### DATA:
====

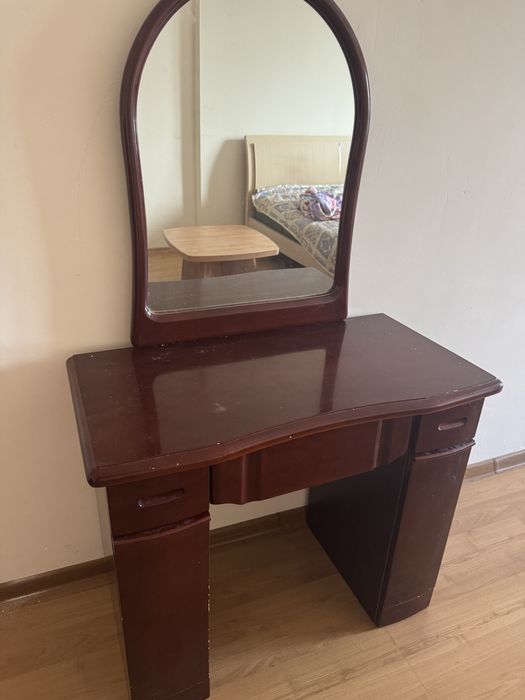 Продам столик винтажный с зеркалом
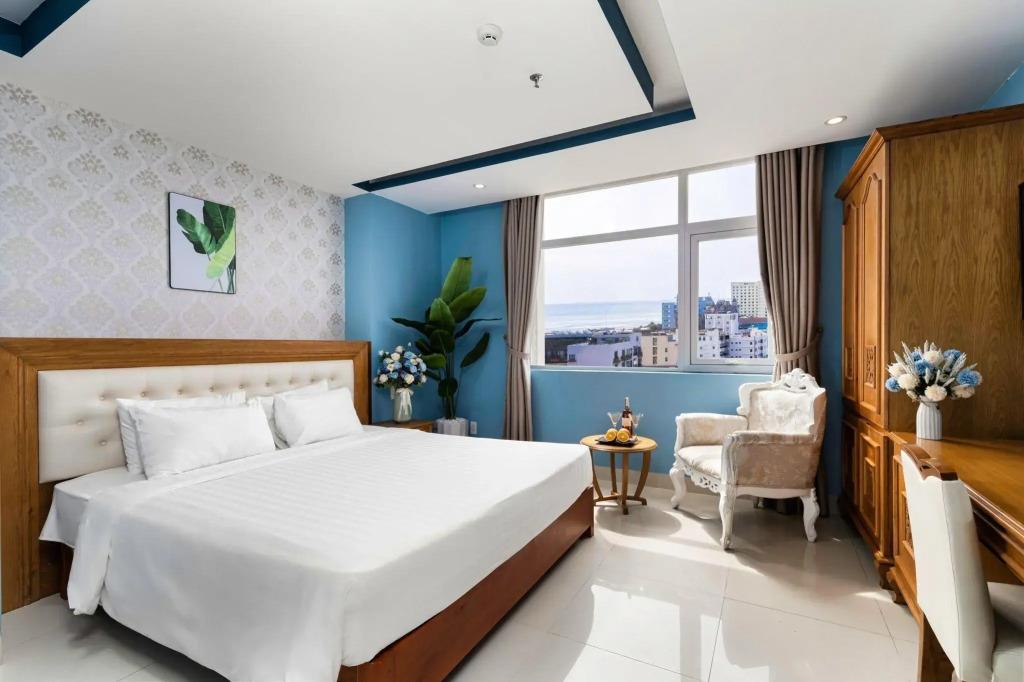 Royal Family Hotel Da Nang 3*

====

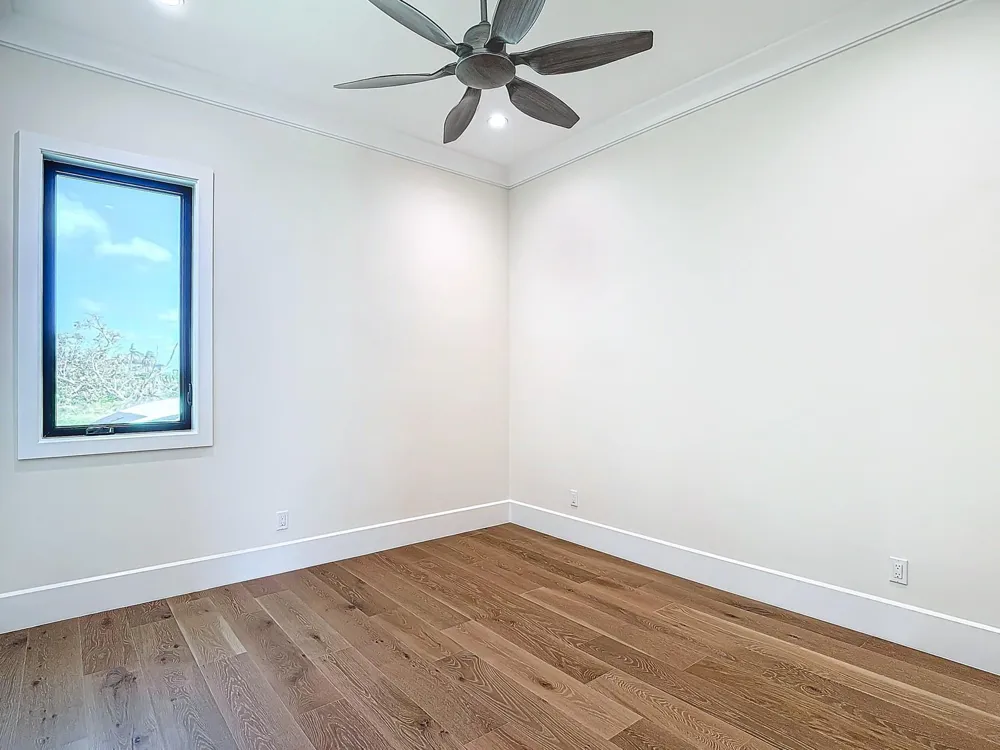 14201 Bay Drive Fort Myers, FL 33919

====

### YOUR ASSIGNMENT:
Above are the records; copy from them only the lines starting at the one containing "Продам столик винтажный с зеркалом" and ending at the one containing "Royal Family Hotel Da Nang 3*", exactly and without pictures.

### RESPONSE TO THE TASK:
 Продам столик винтажный с зеркалом
 Royal Family Hotel Da Nang 3*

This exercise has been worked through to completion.